View of SunTek Chung's Me and You, You and Me, 2011 in foreground, projection of Kelvin Kyung Kun Park's Cheonggyecheon Medley (2011) and N. Korean posters (from left to right) by Kim Young Il, Ha Ju Won, and Kim In Chang.

            The bronze work, titled Me and You, You and Me, 2011, is by SunTek Chung, a born-and-raised American. Its position at the center of the space casts a curious light on the nature of the entire show itself: was this convergence of North and South Korean art work—and a critique of North-South relations—only possible by virtue of its locale in New York City, a third-party? NYC serves as the neutral ground (arguably the DMZ in this context) in which the curator (also a “global” citizen in a sense, though South Korean by nationality) is able to articulate a possible utopia or instigate a dialogue about the relationship between two nations whose separation, Mr.
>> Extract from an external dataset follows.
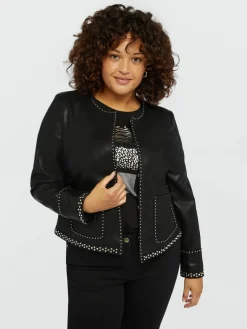 Fiorella Rubino Giacche E Blazer|Giacche Biker|Giacca Biker Con Le Borchie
Han seems to suggest, have been imposed—and still exist—artificially.
            The installation of the art works indicates the artificiality of the divide between North and South (similarly applicable to East and West, but that is indeed another discussion à la Edward Said). The monochrome side of the exhibit is particularly interesting especially in context of the recent Korean monochrome “trend” as legitimized by exhibitions in “Western” spaces (Alexander Gray Associates in NYC, for one) and the climbing prices for such representative mid- and late-career artists such as (now Guggenheim veteran) Lee Ufan and Park Seo-bo. In contrast, perhaps the nearly intrusive vividness of bright colors on the right side of the gallery may even appear too cheesy and “pop.”
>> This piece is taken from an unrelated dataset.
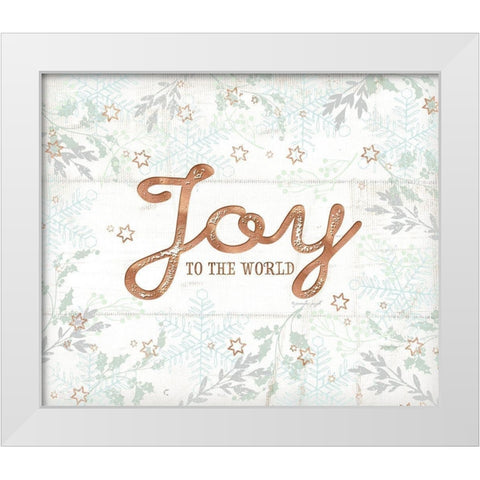 Joy White Modern Wood Framed Art Print by Pugh, Jennifer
View of the left side of the gallery, including works by Pang In Soo, Kim Tcha Sup, Choi Gye Keun, Choi Il Dan, and Ri Chang.


“KOREA,” however, does not clearly indicate which of the works are by North, South, or Korean American artists. The majestically tacit North Korean monochrome ink paintings hang next to South Korean ones, whereas the display of colorful North Korean propaganda posters from 2007 are interspersed by the equally (if not more) colorful paintings by New York-based Yooah Park and a projection of Cheonggyecheon Medley (2011) by Kelvin Kyung Kun Park, a UCLA and CalArts graduate, who grew up around the world. Kelvin Park’s film portrays South Korean metal shops during the nation’s time of modern development and Yooah Park’s paintings prod at questions about “couples,” but juxtaposed with the propaganda posters, all of their differences melt into a single visual image.
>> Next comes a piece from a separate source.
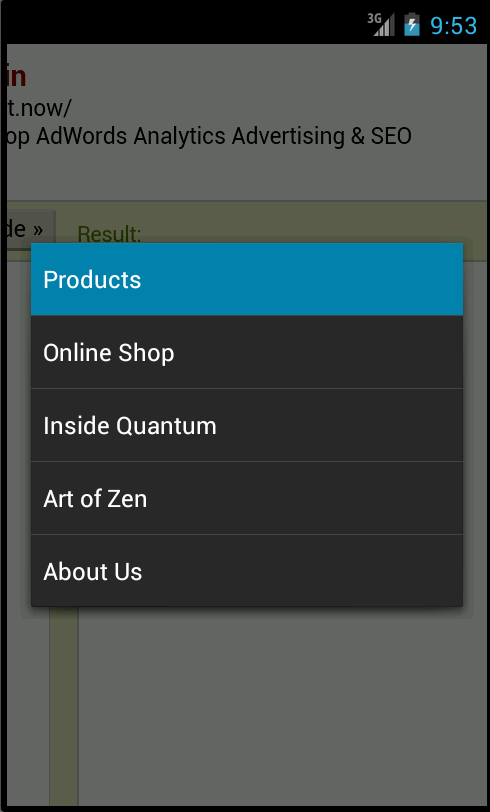 Sitefinity Responsive navigation in Android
South Korean artist Lee Kakyoung's Window View, 2012

The inclusion of Lee Kakyoung’s video work acts as a humorous visual summary of the almost deceptive melding of the so-called national and cultural divides within the entire exhibition. The work, titled Window View, 2012, is the sole piece placed at a narrow wall adjacent to the monochrome side, only visible when one turns one’s body fully toward the left-hand side. The sneakiest is the work itself: what appears from a distance as a slightly open window penciled onto the surface is actually accompanied by a video projected only onto the open crack of the drawn window. Small people move around busily outside (inside?) this fictional opening.

The best thing about the exhibition, though, is that the visual result achieved by the curatorial efforts overcomes what could have been a cheesy, ideologically propaganda-esque, and utopia-driven project about a “united” Korea. The simultaneous dissonances and resonances offered by the visual selection of works in “KOREA” reaches beyond a singular argument for a possible utopia, but rather opens a dialogue. During my visit, I overheard other visitors argue whether or not the Kelvin Park’s film projection was a North Korean film. We need fresh eyes to look at our world anew in order to change it for the better. I received some hope today that it may still be possible with art.